単位体積当たりのピットの数 = (X+Y)/Z (1)
【0036】
【0037】
(Snめっき液の調製)
メタンスルホン酸Sn水溶液に、遊離酸としてのメタンスルホン酸と、添加剤とを加えた。添加剤はノニオン系界面活性剤を主成分とし、β-ナフトールを含有させた。界面活性剤は電解反応を均一に進めるために添加した。そして最後にイオン交換水を加えて、下記組成のSnめっき液を調製した。
【0038】
(Snめっき液の組成)
メタンスルホン酸Sn(Sn2+として):30g/L±3.0g/L
メタンスルホン酸(遊離酸として):100g/L±10.0g/L
ノニオン系界面活性剤:10g/L
β-ナフトール:50ppm
イオン交換水:残部
【0039】
<電解後のスラッジ発生量の測定>
このように調製された電解めっき液を用いて、
図1に示す電解槽11に40Lのめっき浴を建浴した。この電解槽11の電解めっき液14中に、4種類の可溶性アノード材15を1種類ずつ、可溶性アノード材の主面15aが銅張積層板からなる被めっき部材16に対向するように長辺をたて方向にして配置した。銅張積層板は、長辺が510mm、短辺が407mmであり、電解槽11の電解めっき液14中に、長辺をたて方向にして配置した。
【0040】
めっき浴の温度を30℃に調整し、可溶性アノード材15の電流密度を5A/dm2に調整した。この条件で電解めっきを電解量が300Ahになるまで行った。電解後、図示しないアノードバッグに蓄積されたスラッジを回収するとともに、可溶性アノード材15に付着したスラッジをろ過して回収した。これらのスラッジの質量を合計したスラッジ総量と、これを電解量当たりで換算したスラッジ量を上記表1にそれぞれ示す。

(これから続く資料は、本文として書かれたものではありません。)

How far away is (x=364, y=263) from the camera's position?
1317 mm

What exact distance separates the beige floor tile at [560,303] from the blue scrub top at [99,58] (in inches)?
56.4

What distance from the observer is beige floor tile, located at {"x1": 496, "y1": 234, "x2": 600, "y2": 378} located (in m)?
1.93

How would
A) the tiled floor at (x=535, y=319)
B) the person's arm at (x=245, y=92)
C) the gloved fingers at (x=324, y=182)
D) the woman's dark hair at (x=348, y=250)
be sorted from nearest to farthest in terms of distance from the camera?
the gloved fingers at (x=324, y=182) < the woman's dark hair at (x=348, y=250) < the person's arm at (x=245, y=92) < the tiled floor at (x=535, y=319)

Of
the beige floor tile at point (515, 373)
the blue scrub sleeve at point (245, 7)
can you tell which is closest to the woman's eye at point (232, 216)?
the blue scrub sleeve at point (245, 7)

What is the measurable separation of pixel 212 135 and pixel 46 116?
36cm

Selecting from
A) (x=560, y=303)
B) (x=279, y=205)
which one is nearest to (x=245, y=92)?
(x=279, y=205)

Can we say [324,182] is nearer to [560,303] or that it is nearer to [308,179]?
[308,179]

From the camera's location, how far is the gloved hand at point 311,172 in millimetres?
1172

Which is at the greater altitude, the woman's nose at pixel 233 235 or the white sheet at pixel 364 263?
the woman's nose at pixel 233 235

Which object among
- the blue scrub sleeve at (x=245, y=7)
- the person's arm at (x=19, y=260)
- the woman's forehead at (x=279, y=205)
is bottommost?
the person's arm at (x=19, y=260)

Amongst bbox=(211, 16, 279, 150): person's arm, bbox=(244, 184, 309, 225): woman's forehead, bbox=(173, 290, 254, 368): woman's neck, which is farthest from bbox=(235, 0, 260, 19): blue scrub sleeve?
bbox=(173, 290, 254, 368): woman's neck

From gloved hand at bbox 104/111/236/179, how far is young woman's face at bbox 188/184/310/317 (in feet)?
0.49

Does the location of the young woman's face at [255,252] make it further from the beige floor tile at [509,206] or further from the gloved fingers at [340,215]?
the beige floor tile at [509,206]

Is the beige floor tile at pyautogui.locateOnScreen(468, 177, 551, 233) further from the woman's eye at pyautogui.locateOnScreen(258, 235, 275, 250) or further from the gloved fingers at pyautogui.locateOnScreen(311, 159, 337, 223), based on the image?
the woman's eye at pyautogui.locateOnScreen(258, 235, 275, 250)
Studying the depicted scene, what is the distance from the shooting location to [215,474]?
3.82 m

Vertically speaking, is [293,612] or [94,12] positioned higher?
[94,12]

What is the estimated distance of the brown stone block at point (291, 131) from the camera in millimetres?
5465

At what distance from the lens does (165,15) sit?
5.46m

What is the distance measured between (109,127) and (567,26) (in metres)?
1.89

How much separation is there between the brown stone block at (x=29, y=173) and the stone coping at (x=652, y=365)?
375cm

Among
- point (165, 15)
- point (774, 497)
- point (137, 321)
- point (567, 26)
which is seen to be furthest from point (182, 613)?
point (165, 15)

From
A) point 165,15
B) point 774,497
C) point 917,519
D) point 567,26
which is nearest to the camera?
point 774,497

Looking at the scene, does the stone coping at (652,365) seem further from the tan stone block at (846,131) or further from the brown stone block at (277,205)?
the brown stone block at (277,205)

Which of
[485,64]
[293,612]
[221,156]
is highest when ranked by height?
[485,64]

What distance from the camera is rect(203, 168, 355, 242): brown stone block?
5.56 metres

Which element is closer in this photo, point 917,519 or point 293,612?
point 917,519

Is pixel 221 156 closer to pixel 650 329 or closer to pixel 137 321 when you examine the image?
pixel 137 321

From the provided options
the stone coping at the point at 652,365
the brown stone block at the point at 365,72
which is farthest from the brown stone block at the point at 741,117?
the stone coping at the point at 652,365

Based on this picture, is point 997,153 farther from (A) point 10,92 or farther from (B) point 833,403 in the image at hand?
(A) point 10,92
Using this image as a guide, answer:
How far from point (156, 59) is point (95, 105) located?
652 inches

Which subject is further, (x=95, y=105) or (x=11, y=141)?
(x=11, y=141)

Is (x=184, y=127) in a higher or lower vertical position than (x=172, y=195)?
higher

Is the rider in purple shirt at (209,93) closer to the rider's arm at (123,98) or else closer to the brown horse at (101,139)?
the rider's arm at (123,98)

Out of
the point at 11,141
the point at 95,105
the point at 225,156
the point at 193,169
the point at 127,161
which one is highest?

なお、銅張積層板からなる被めっき部材16は、その表面に錫めっき膜が約100μmの厚さに形成された時点で、新しい銅張積層板に交換した。
【0041】
<可溶性アノード材の長期使用可能性の評価>
被めっき部材16として、長辺が510mm、短辺が407mmである銅張積層板を用いた。この銅張積層板を電解槽11の電解めっき液14中に、長辺をたて方向にして配置して、上述した電解めっき方法と同様に平板めっきを行った。添加剤であるβ-ナフトールの濃度を調整した後、めっき浴の温度を30℃に調整し、錫めっき膜の厚さが20μmになるように電解めっきを行った。
【0042】
銅張積層板表面に形成された錫めっき膜の厚さを蛍光X線分析装置(日立ハイテクノロジーズ社製、型番SFT9450)により、測定したところ、4種類の可溶性アノード材を用いたときの錫めっき膜の平均厚さは20μmであった。4種類の可溶性アノード材毎に、基板の上端部から50mmの位置、基板の中心部及び基板の下端部から50mmの位置で、それぞれ基板表面の錫めっき膜の厚さを上記蛍光X線分析装置により測定した。3箇所の測定値のうち、最大値と最小値との差が8μm以下のときを長期使用可能性が『良好』であると判定し、8μmを超えるときを長期使用可能性が『不良』であると判定した。その結果を上記表1に示す。
【0043】
表1から明らかなように、比較例1では、板状体の主面において柱状結晶粒が占める割合が72%であり、かつ板状体の主面における1mm以上の大きさのピットの数が0.008個/cm3であったため、電解めっき後のスラッジ総量は15.0gと多く、また電解量当たりのスラッジ量も0.05g/Ahと大きかった。更に可溶性アノード材の長期使用可能性は不良であり、アノード材としての性能が長期間維持されていなかったことが判った。
【0044】
また比較例2では、板状体の主面において柱状結晶粒が占める割合が55%であり、かつ板状体の主面における1mm以上の大きさのピットの数が0.06個/cm3であったため、電解めっき後のスラッジ総量は33.0gと多く、また電解量当たりのスラッジ量も0.11g/Ahと大きかった。更に可溶性アノード材の長期使用可能性は不良であり、アノード材としての性能が比較例1と同じように、長期間維持されていなかったことが判った。
【0045】
これに対して、実施例1及び2では、板状体の主面において柱状結晶粒が占める割合がそれぞれ92%及び85%であり、かつ板状体の主面における1mm以上の大きさのピットの数がそれぞれ0.001個/cm3及び0.004個/cm3であったため、電解めっき後のスラッジ総量は2.9g及び8.8gとそれぞれ少なく、また電解量当たりのスラッジ量も0.01g/Ah及び0.03g/Ahとそれぞれ小さかった。更に可溶性アノード材の長期使用可能性はともに良好であり、アノード材としての性能が長期間維持されていることが判った。